Search code examples
c++unicodefarsi

Right to left isolate string. C++


does anyone have experience in Unicodes?

I am facing a tough problem with Farsi unicodes.
I have an std::wstring s = (L"\u0634\u0646\u0628\u0647"); which is a Farsi word. When I debug it, I see that the underlying word is exactly what I want, but reversed. So I have researched and found that u2067 is for right to left reading the string.
NOTE:

I cannot reverse the string manually because Farsi characters are changing their shape regardless of their position in the string.

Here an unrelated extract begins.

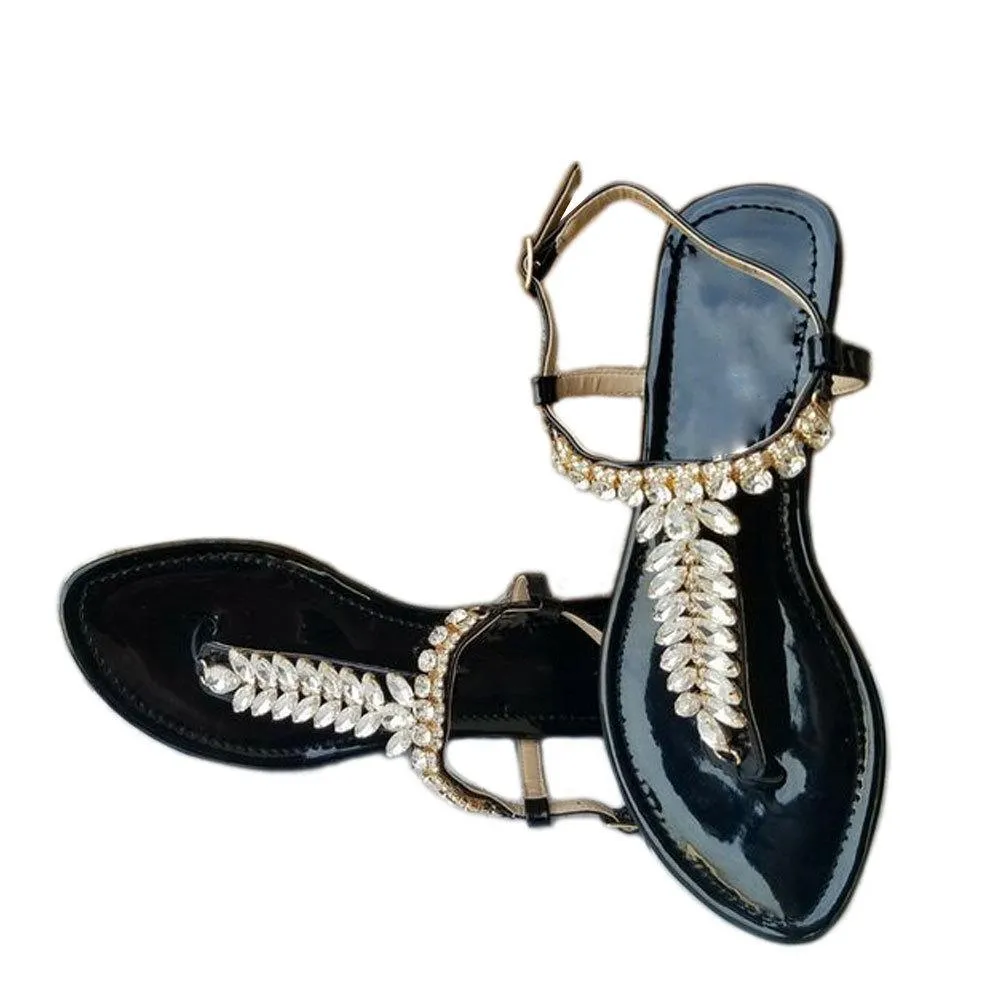 Summer Beach Flat Heel Clip Toe Sandals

So I added the 2067 int the beginning and got
std::wstring s = (L"\u2067\u0634\u0646\u0628\u0647");.
But now the underlying string is the same , just added a square in the beginning if the string instead of reversing.
Does anyone have experince with this stuff? Please suggest a solution. Thanks!


Solution

  • The underlying string will be the same. You haven't changed the order of bytes, which is written right there in the code. But a renderer that understands Unicode should take those bytes and display the characters right-to-left. That's a visual thing. It has nothing to do with the encoding. From your question, it's not entirely clear what else you expected. It may be that you are viewing the string in a debugger, and the debugger does not support this feature of Unicode. If you try outputting the string to a proper console you ought to see it as you expect.